Use

Webster's Dictionary of the English Language

·vt Common occurrence; ordinary experience.

II. Use ·vt Occasion or need to employ; necessity; as, to have no further use for a book.

III. Use ·vt To practice customarily; to make a practice of; as, to use diligence in business.

IV. Use ·vt Continued or repeated practice; customary employment; usage; custom; manner; habit.

V. Use ·vt The premium paid for the possession and employment of borrowed money; interest; usury.

VI. Use ·vt Yielding of service; advantage derived; capability of being used; usefulness; utility.

VII. Use ·vt To behave toward; to act with regard to; to Treat; as, to use a beast cruelly.

VIII. Use ·vt A stab of iron welded to the side of a forging, as a shaft, near the end, and afterward drawn down, by hammering, so as to lengthen the forging.

IX. Use ·vt The special form of ritual adopted for use in any diocese; as, the Sarum, or Canterbury, use; the Hereford use; the York use; the Roman use; ·etc.

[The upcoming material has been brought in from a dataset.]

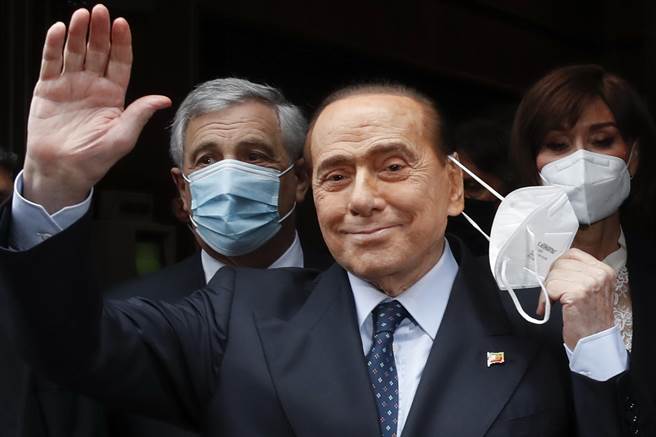 義大利前總理貝魯斯柯尼（Silvio Berlusconi）。(圖／美聯社)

X. Use ·vi To be accustomed to go; to Frequent; to Inhabit; to Dwell;

— sometimes followed by of.

XI. Use ·vi To be wont or accustomed; to be in the habit or practice; as, he used to ride daily;

— now disused in the present tense, perhaps because of the similarity in sound, between "use to," and "used to.".

XII. Use ·vt To make use of; to convert to one's service; to avail one's self of; to Employ; to put a purpose; as, to use a plow; to use a chair; to use time; to use flour for food; to use water for irrigation.

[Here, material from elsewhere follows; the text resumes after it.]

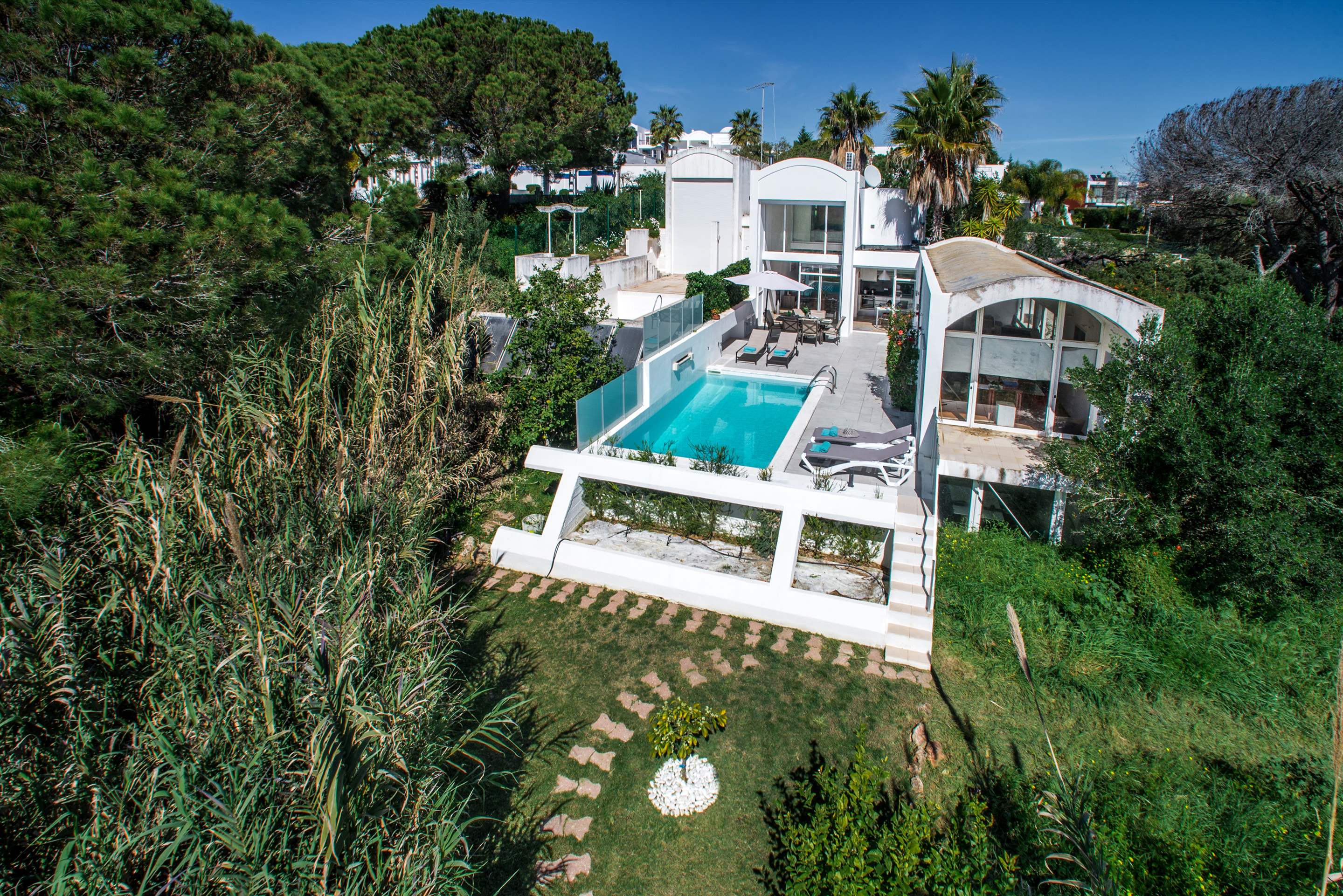Estrela do Mar, 2 bedroom villa in Gale, Vale da Parra and Guia, Algarve Photo #5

XIII. Use ·vt The act of employing anything, or of applying it to one's service; the state of being so employed or applied; application; employment; conversion to some purpose; as, the use of a pen in writing; his machines are in general use.

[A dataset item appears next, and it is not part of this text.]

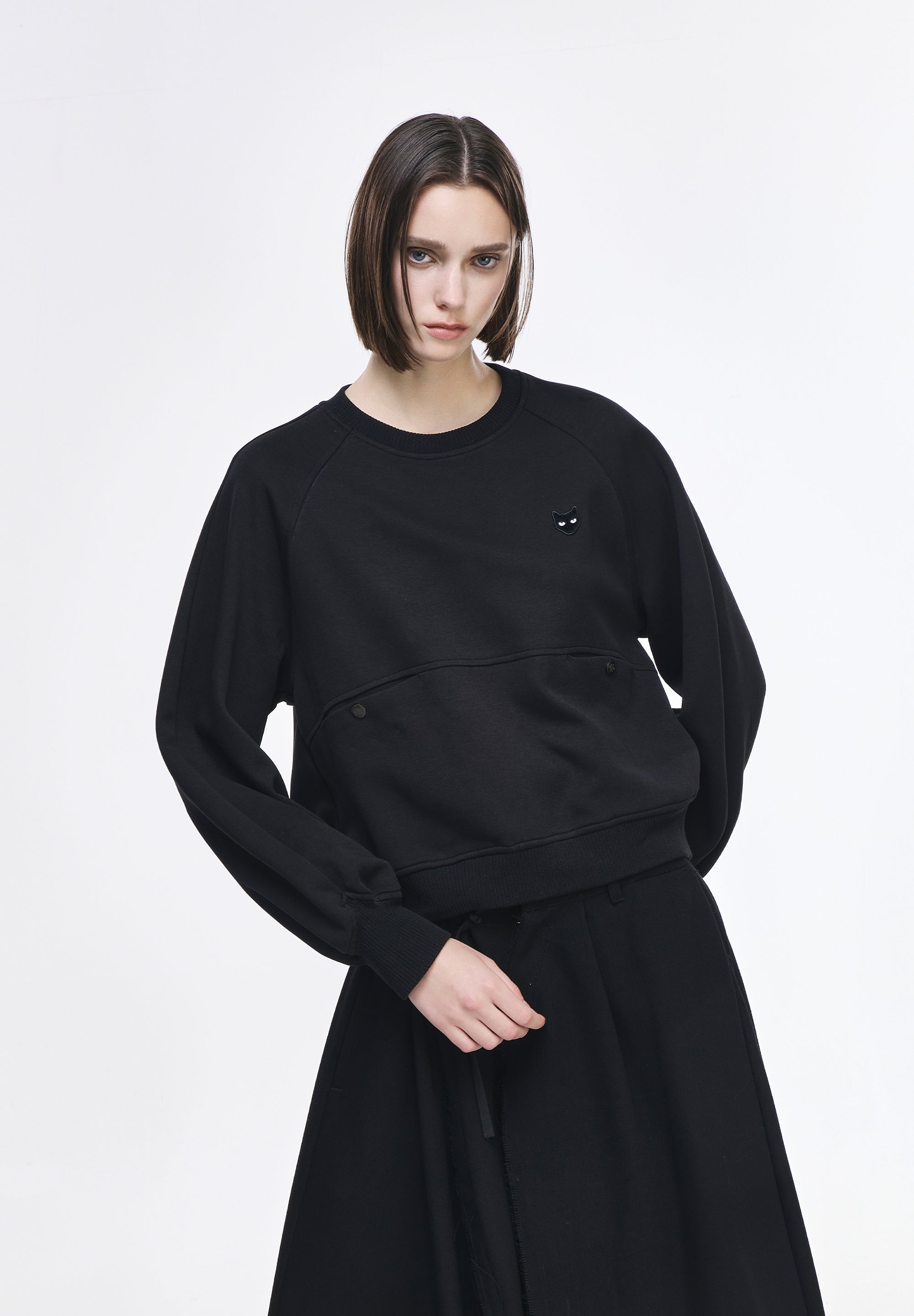CURVED PANTHER SWEATSHIRT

XIV. Use ·vt To Accustom; to Habituate; to render familiar by practice; to Inure;

— employed chiefly in the passive participle; as, men used to cold and hunger; soldiers used to hardships and danger.

XV. Use ·vt The benefit or profit of lands and tenements. Use imports a trust and confidence reposed in a man for the holding of lands. He to whose use or benefit the trust is intended shall enjoy the profits. An estate is granted and limited to A for the use of B.